Frank looked me in the eye, "I wasn't able to." He's lying, but I'm not going to argue with him. The Grammys are every year. I've gone to the shows without her for quite some time, but then again, I wasn't nominated for what I'm nominated for this year. I sighed. It's whatever. Shayla will be fine. In fact, amidst the entire craziness of the tour, she was able to release another book called "Josephine." I don't know where she found the time to write a whole book, but she did and I'm proud of her. "Josephine" just barely made the New York Times Bestseller list. Shayla was asked to do a book tour but declined because she didn't have the time since she was touring with me. I told her to go, but she insisted on staying because she didn't get a chance to tour with me last time. Which is understandable, but she got the opportunity to do a tour of her own. I think that's pretty awesome. She said she would do a book tour once her book reaches the Top Ten. I mean, I guess that makes sense, but at the same time she almost made it. That should count for something. Especially for the fans of her book. "Josephine" made her an overnight success. Aside from the fact that she barely made it to the bestseller list, she was so happy that although she had just got in the game of writing, she was soaring. Partly because of the connects I had over at Doubleday, but mostly because her book was just that good. I've never been happier for her. Shayla loved the tour life. She said she never felt more alive traveling from country to country, city to city in just three months. Now we're back in the US where traveling from city to city is really going to be something. One day we'll be in Louisville and the next day we'll be in Denver. Shayla isn't ready for that. But it makes me happy to see her happy being on the road with me.
Tatiana has surely been a force to be reckoned with. Every night when it was her turn to meet me on stage, she did her best to communicate with me in that short span of two minutes. Outside of seeing her on stage, I never saw her. I didn't want to either. I don't think she got that... It only took maybe three times of her popping up at my dressing room door to meet me and Shayla after a concert until I finally got sick of it and told Frank to tell her to back off. It didn't make it any easier with my relationship with Shayla either. Shayla chewed me out about Tatiana. Although we only saw each other on stage, it still bothered her that Tatiana even found it remotely okay to meet me at my dressing room knowing I was going to be with Shayla. After Frank told her off, I only see her on stage, and she tries to send me signals all the time. I don't even pay her any mind. My focus is on putting on a good show and making sure I don't get in any trouble with my wife. I don't think she understands the concept of boundaries or professionalism.
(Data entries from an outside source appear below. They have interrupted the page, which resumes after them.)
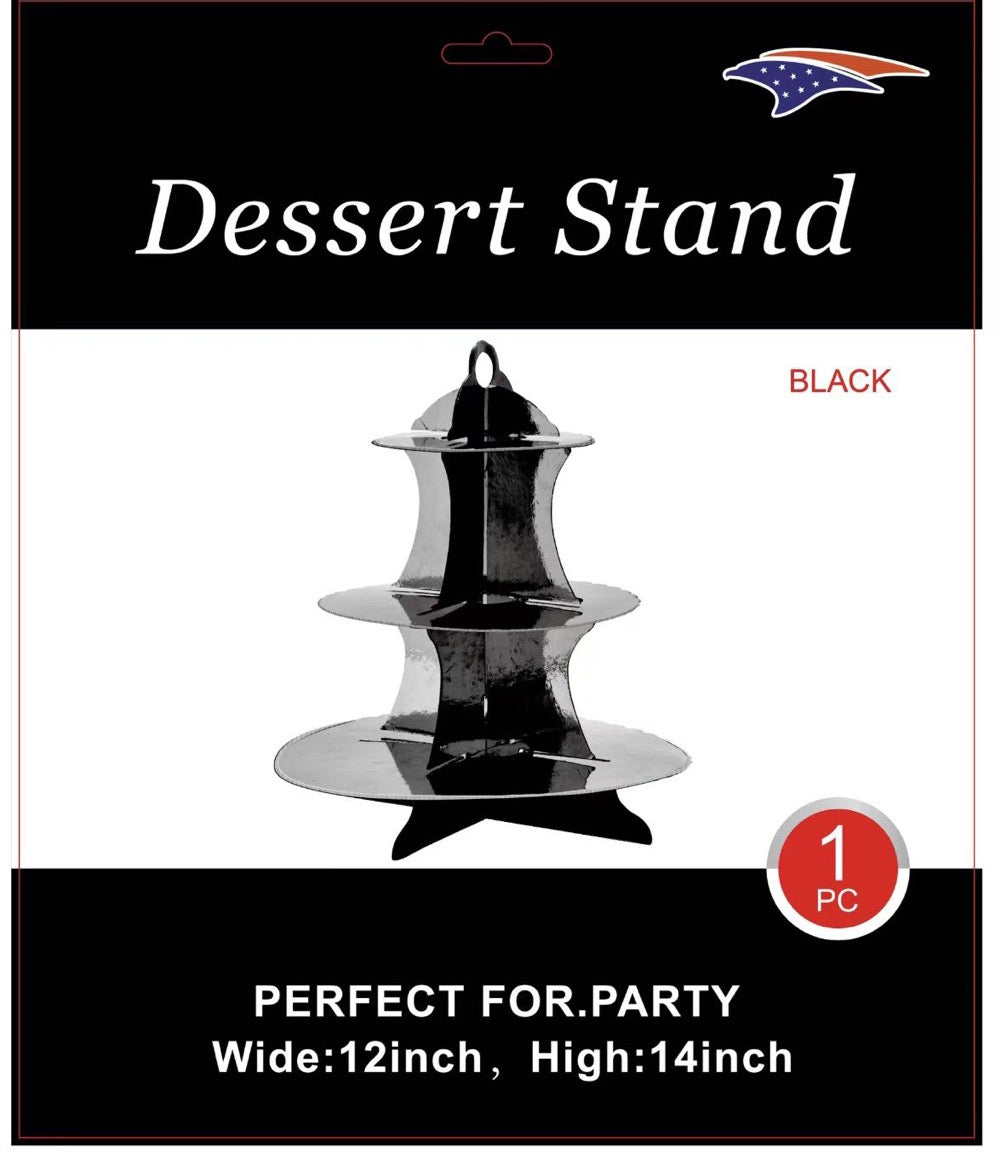 Black Dessert Stand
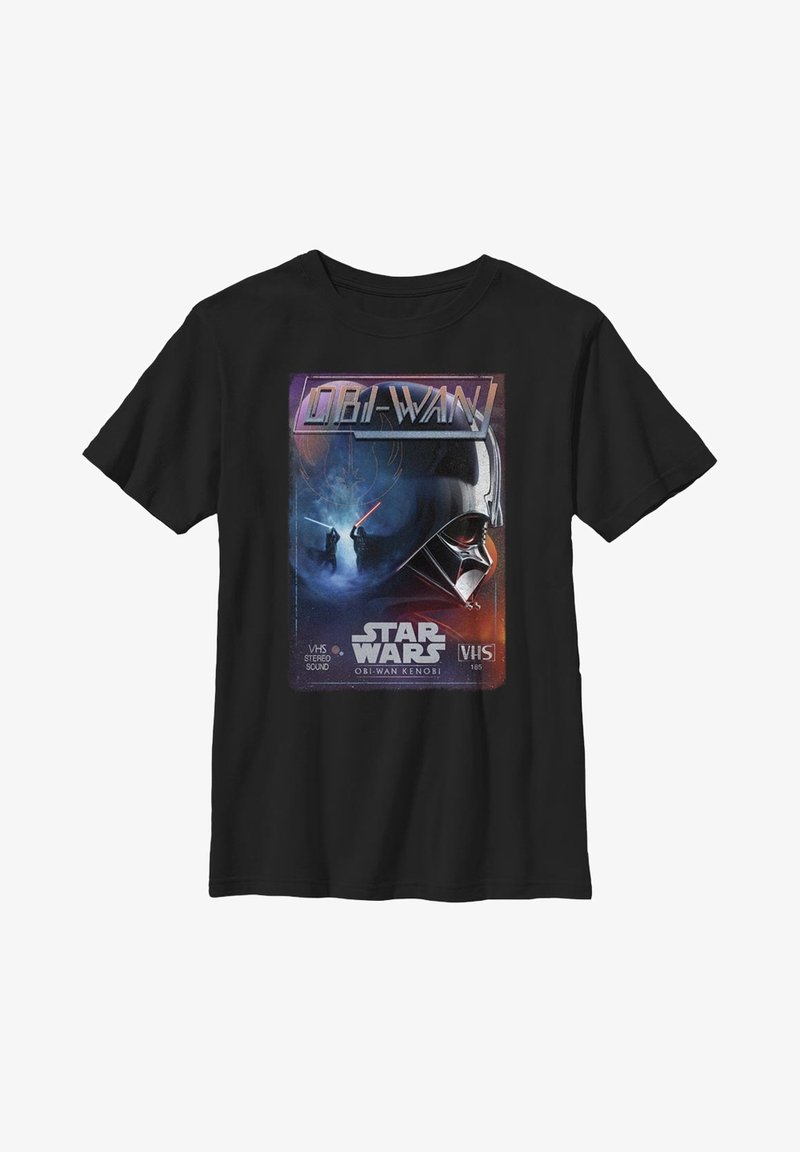 Star Wars OBI-WAN VADER VHS - T-shirt z nadrukiem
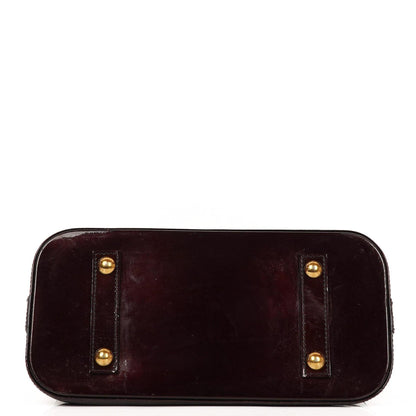 Louis Vuitton Alma PM Amarante Monogram Vernis Leder Handtasche Gut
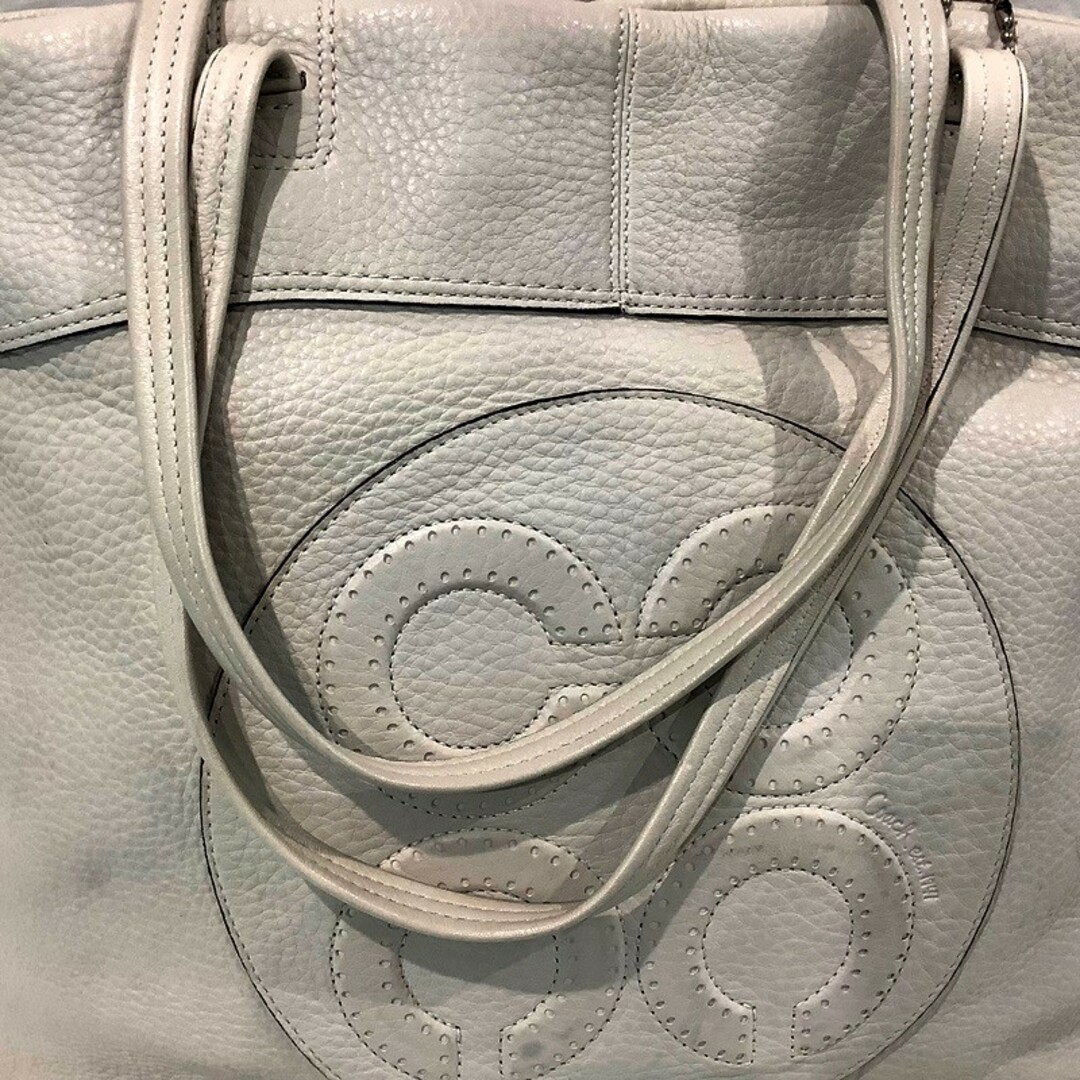 COACH(コーチ)のコーチ(COACH) ソフトレザー ジュリア オプアート トートバッグ ショルダーバッグ 14967 肩掛けかばん オフホワイト 【中古】KB-8125 レディースのバッグ(トートバッグ)の商品写真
"Michael," Shayla called my name as soon as I entered our suite. "Was Frank able to get me tickets for the Grammys tomorrow?"
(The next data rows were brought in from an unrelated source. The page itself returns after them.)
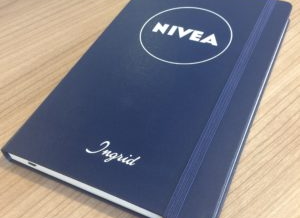 notitieboek met naam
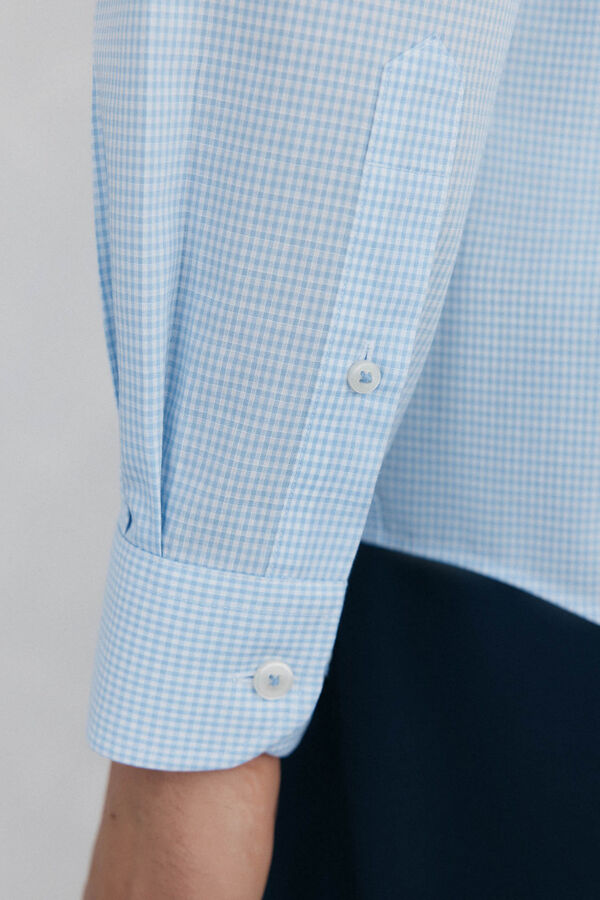 Pedro del Hierro Camisa de vestir a cuadros non iron + antimanchas Azul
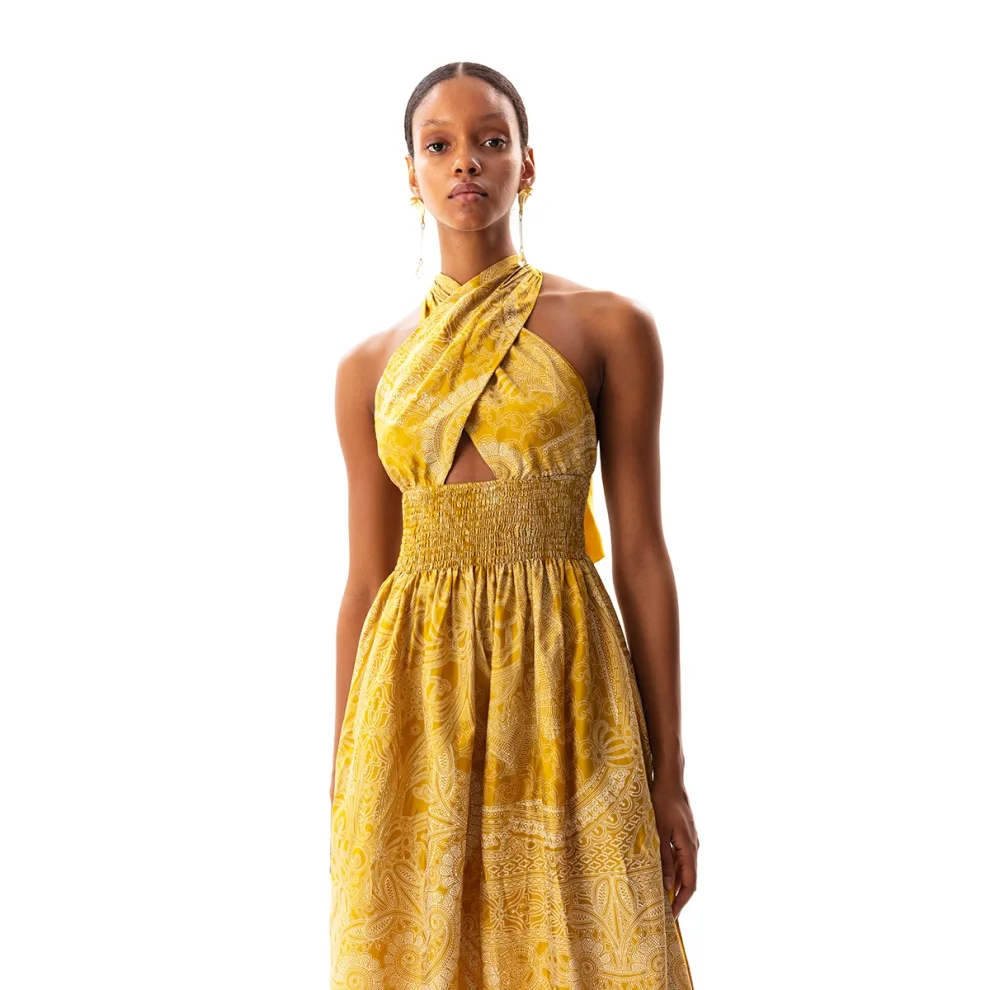 Movom	 - Johona Smocked Maxi Dress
I sighed. Frank doesn't understand how hard it is to tell Shayla no she couldn't do this or that. It's the hardest thing in the world. "No... But don't worry. There's always next years Grammys." I offered a hopeful smile.
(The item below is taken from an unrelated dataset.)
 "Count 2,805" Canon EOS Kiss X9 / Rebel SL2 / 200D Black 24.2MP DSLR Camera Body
"But your album won't be nominated for the categories it's nominated for this year..."
"I know... I'm sorry, babe. Please don't take this personal. You'll be my date to the Grammys one of these days."
"Who are you going with?"
"If not you, then who else?" I shrugged. "I'll go alone. Q and a ton of other people I know will be there."
"Dang. Frank can't even get me a spot in the balcony in the cheap seats with the fans?" she sighed, "I guess I'll just watch it on TV like the rest of the world."
"In due time, babe, I promise." I kissed her cheek. But how long? How long will I continue to allow my wife to be pushed behind the scenes just to promote this "single" image? I'm twenty-nine going on thirty this year. The world thinks I'm weird. Why not just announce my marriage and let the world know I'm not this weird single guy they portray me to be?